More organic dairy farmers will be needed to satisfy growing demand in the sector, but only in modest numbers, says the Organic Milk Suppliers’ Co-operative.
With liquid milk now the fastest-growing sector of the organic dairy market, the co-operative estimates 75-100 new organic herds will be required in the next 24 months to satisfy an additional 60m litres’ demand.
But sales and marketing director Richard Hampton cautioned farmers against running headlong into organic conversion.
“This is a tiny proportion of the UK’s dairy farms, so the sector does not offer a magic solution to low farm returns.”
In a new report on the future of the organic milk sector published today, OMSCo says the industry has conquered recent years of oversupply which saw surplus organic milk sold into the conventional sector, hammering farmgate prices.
Estimates suggest those farmers who were unable to rein in production saw prices drop to 23p/litre, compared with the 29p/litre originally paid.
Mr Hampton said organic dairy farmers’ future rested on matching supply to demand as closely as possible.
“We must avoid another boom and bust situation.
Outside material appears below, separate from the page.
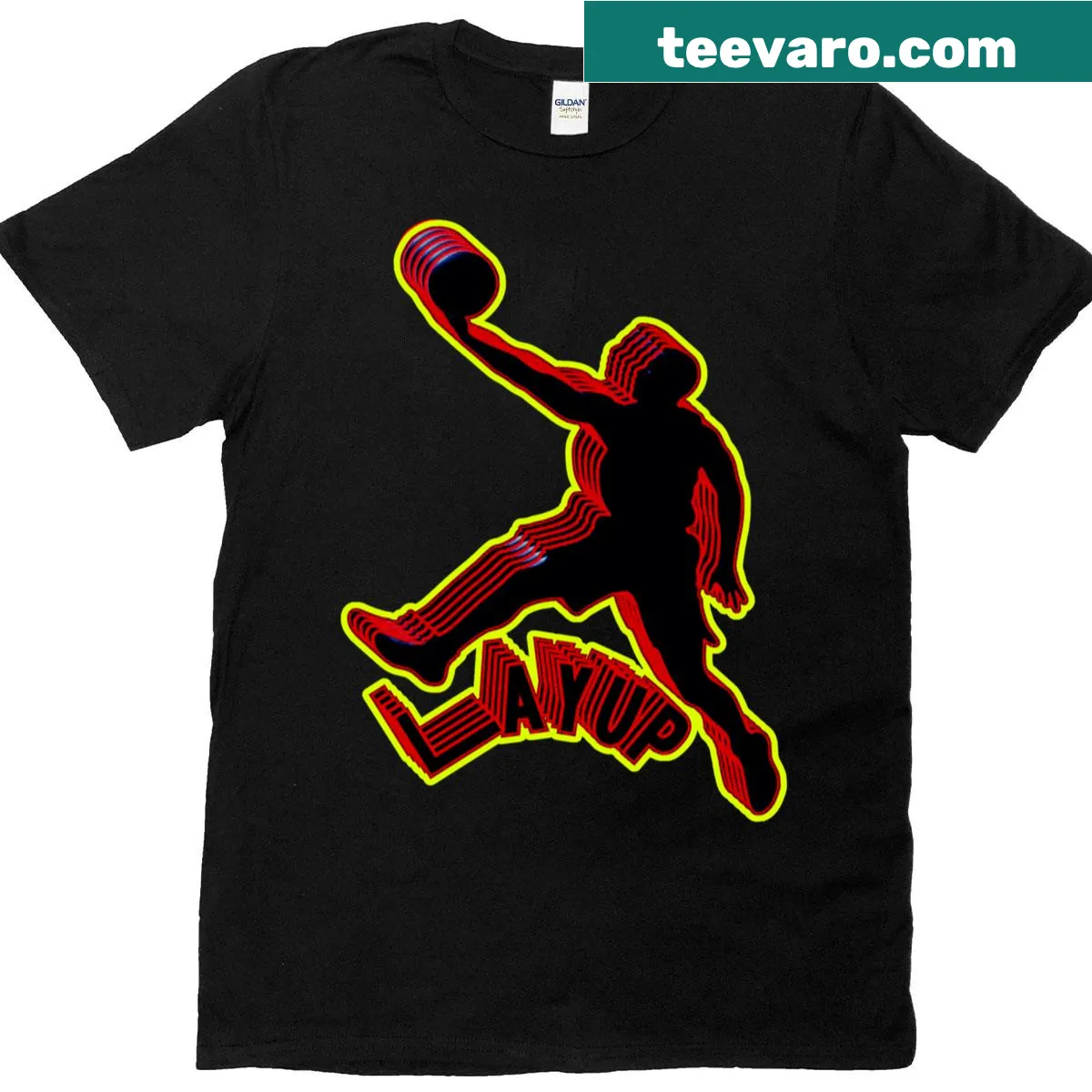Classic t-shirt with a basketball player performing a layup dunk — on a men's t-shirt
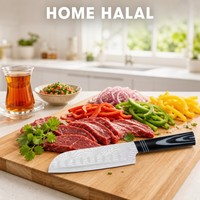 Halal Midden-Oosten Familie Santoku Koksmes Huiskamerkeuken Dagelijks Koken Vlees Groente Voorbereiding Scherp Keukenhulpstuk Gebruik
It’s not as easy for the organic sector to turn the taps on and off, or deal with excess milk, compared with conventional milk production.
“We need to initiate discussion on how to increase supply in a managed and sustainable way.”
Organic dairy farmers’ net production margins were little different from their conventional counterparts, he added.
“But the additional costs and upheaval of organic conversion are significant.”
Ed Goff, who milks 70 organic dairy cows near Whittington, Shropshire, said:
“At last, we are starting to produce organic milk at a profit again.
“The last three years have been seriously difficult.”
A welcome return to prices around the 29p/litre mark meant there was some room for drawings and re-investment.
“But we were getting these returns five years ago.
In that time our costs have risen – particularly as we are now required to use 100% organic feed.”